Deia: “Mirar atrás”
Asier Vallejo Ugarte
Sociedad Filarmónica de Bilbao. 25-III-2015. Kristian Bezuidenthout, fortepiano. Orquesta Barroca de Friburgo. Director: Pablo Heras Casado. Obras de Arriaga, Beethoven y Mendelssohn.
La Ouverture Pastourelle (1824) de Arriaga suele ser conocida como la Obertura de Los esclavos felices por tratarse de una revisión de la pieza escrita originalmente para la que fue su única ópera, compuesta hacia 1820 y de la que muy poco material ha llegado hasta nosotros. Obra de sensacional frescura, da muestra del dominio de la forma, de la acabada escritura musical y de la comunión absoluta del joven compositor con los órdenes clásicos. Pablo Heras Casado centró esta música en un punto de retorno a sus antecedentes mozartianos mediante la claridad máxima de texturas y la revelación de atractivos juegos de contrapuntos en manos de la espléndida Orquesta Barroca de Friburgo.
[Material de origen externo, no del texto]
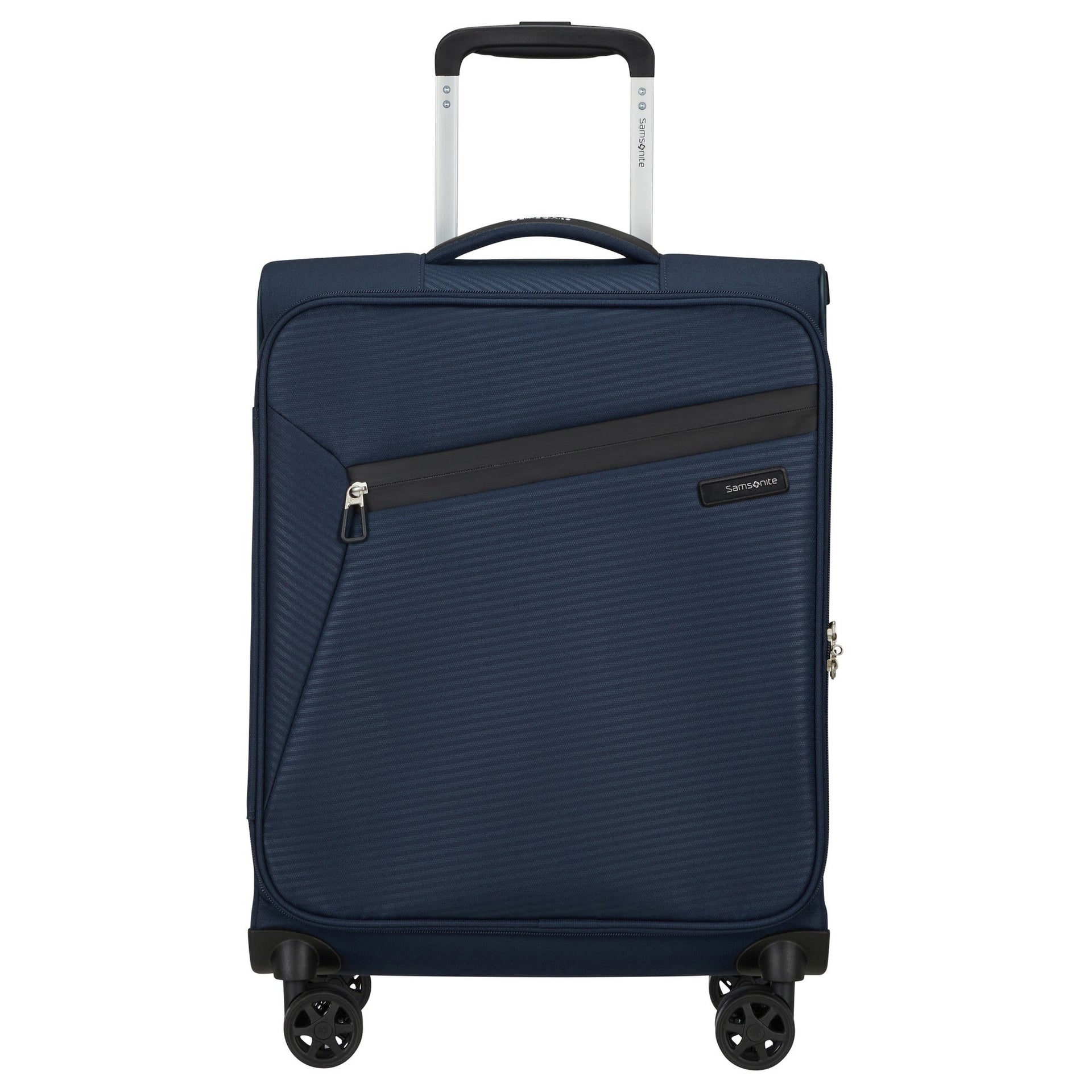 Samsonite Litebeam 4-Wheel Cabin Trolley 55 cm (Color: midnight blue)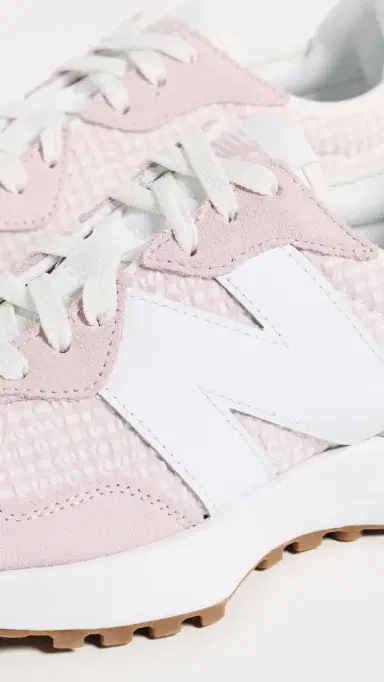 New Balance 327 Sneakers Pink/White 6 | Thumbnail 6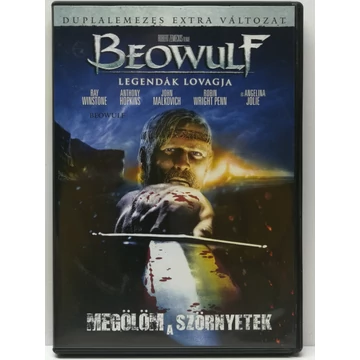 Beowulf - Legendák lovagja - Anthony Hopkins, Angelina Jolie, John Malkovich - 2 DVD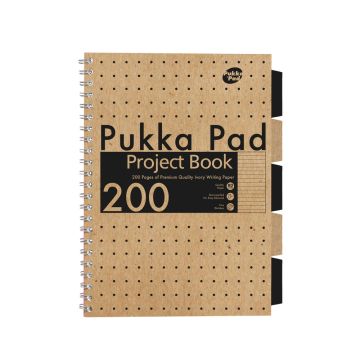 A4 Pukka Pad Project Book 5 Dividers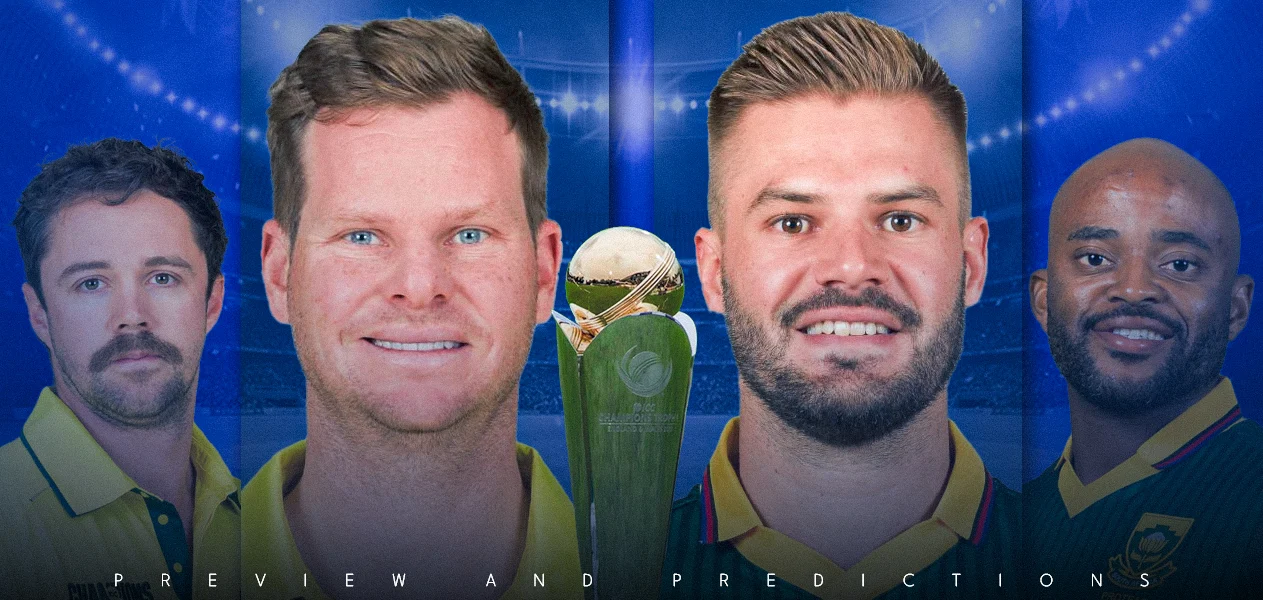 ICC Champions Trophy 2025 Match 7 Australia vs South Africa Preview and Predictions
Del mismo modo, el Tercer concierto para piano (1800) de Beethoven encontró su referencia en el Mozart sorprendentemente oscuro de los Conciertos en re menor K 466 y en do menor K 491 mucho antes que en la admirable grandeza de sus propias obras sinfónicas posteriores. El empleo de un fortepiano transformó por completo la relación habitual entre el solista y la orquesta, patente desde la vehemente irrupción en escena del primero: la contundencia rítmica y los marcados contrastes aplicados por Heras Casado delegaron en Kristian Bezuidenthout la responsabilidad de la fantasía y el vuelo lírico, asumida con tal evidencia que la tonalidad de do menor (elevada por Beethoven a categoría expresiva en varias de sus obras fundamentales) tuvo llamaradas de inusitada dulzura.
La solitaria música de Mendelssohn, denostada durante décadas por determinadas voces de vanguardia, se puede comprender igualmente desde una visión que favorezca la búsqueda de sus raíces clásicas y barrocas. Por eso la presencia de instrumentos de época no parece tan chocante en ella como lo ha podido ser en la de varios de sus contemporáneos, tan cercanos cronológicamente como distanciados ideológica y estéticamente. En esta Sinfonía Italiana (1833) de los barrocos de Friburgo no hubo la exuberancia y la profusión de colores habituales en las mejores orquestas tradicionales, pero emergió de nuevo una asombrosa transparencia que, aparte de desnudar al completo la partitura, dotó de individualidad propia a prácticamente cada uno de los músicos del grupo. El esplendoroso ímpetu del compositor y su entusiasmo ante los paisajes italianos fueron traducidos por Heras Casado con un virtuosismo y un fuego que, en los movimientos extremos, se tornaron abrasadores.